Keywords

1 Introduction

Academia and industry are constantly engaged in a joint effort for producing scientific knowledge that will shape the society of the future. Analysing the knowledge flow between them and understanding how they influence each other is a critical task for researchers, governments, funding bodies, investors, and companies. Researchers have to be aware of how their effort impacts the industrial sectors; government and funding bodies need to shape research policies and funding decisions; companies have to constantly monitor the scientific innovation that may be developed in products or services.

The relationship between academia and industry has been analysed from several perspectives, focusing, for instance, on the characteristics of direct collaborations  [4], the influence of industrial trends on curricula  [16], and the quality of the knowledge transfer  [5]. Unfortunately, the lack of a large scale corpus for tracking knowledge flow limited the scope of previous works, which are typically restricted to small-scale datasets or focused on very specific research questions  [2, 6].

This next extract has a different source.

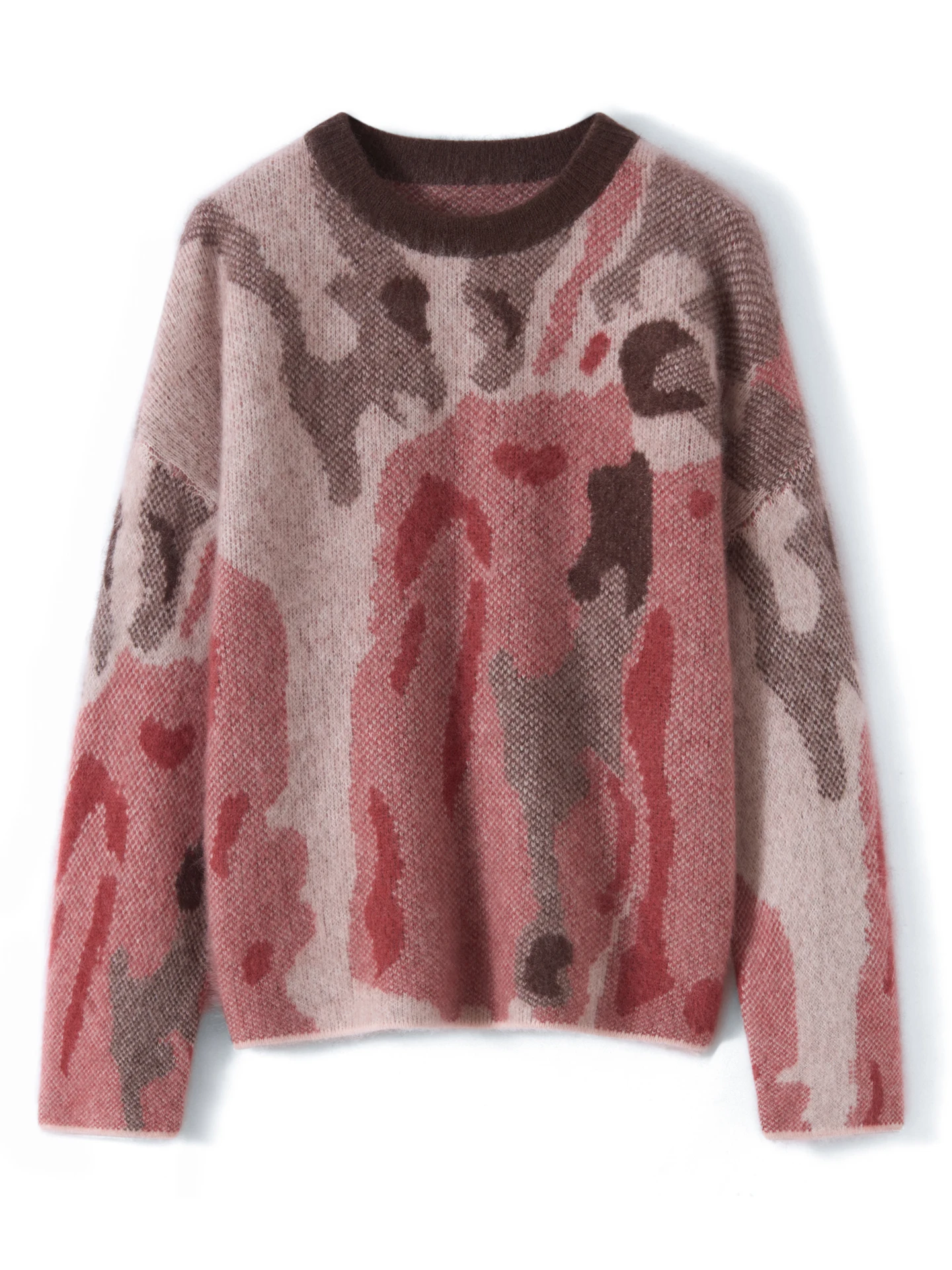 TLOML Ink Painting Artistic Sweater Women‘s 100% Plush Wool Knitwear O-neck Pullover Autumn Winter Thicken Loose Fashion Tops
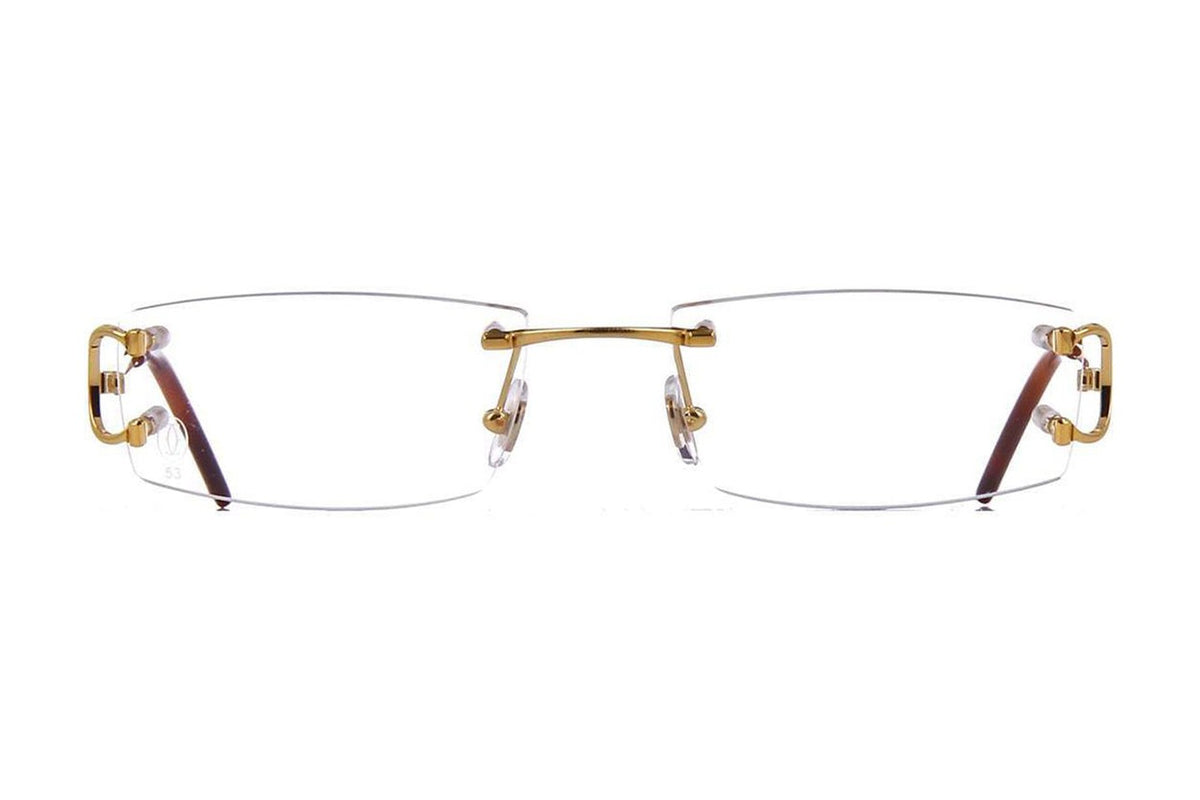 Cartier CT0092O Gold eyeglasses, front view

In order to analyse the knowledge produced by academia and industry, researchers typically exploit corpora of research articles or patents  [3, 4]. Today, we have several large-scale knowledge graphs which describe these documents. Some examples include Microsoft Academic GraphFootnote 1, Open Research Corpus  [1], the OpenCitations Corpus  [10], ScopusFootnote 2, AMiner Graph  [17], the Open Academic Graph (OAG)Footnote 3, Core  [7], Dimensions CorpusFootnote 4, and the United States Patent and Trademark Office CorpusFootnote 5. However, these resources are unfit to support large-scale analysis about the knowledge flow since they suffer from three main limitations: 1) they do not directly classify a document according to its provenance (e.g., academia, industry), 2) they offer only coarse-grained characterizations of research topics, and 3) they do not characterize companies according to their sectors (e.g., automotive, financial, energy, electronics).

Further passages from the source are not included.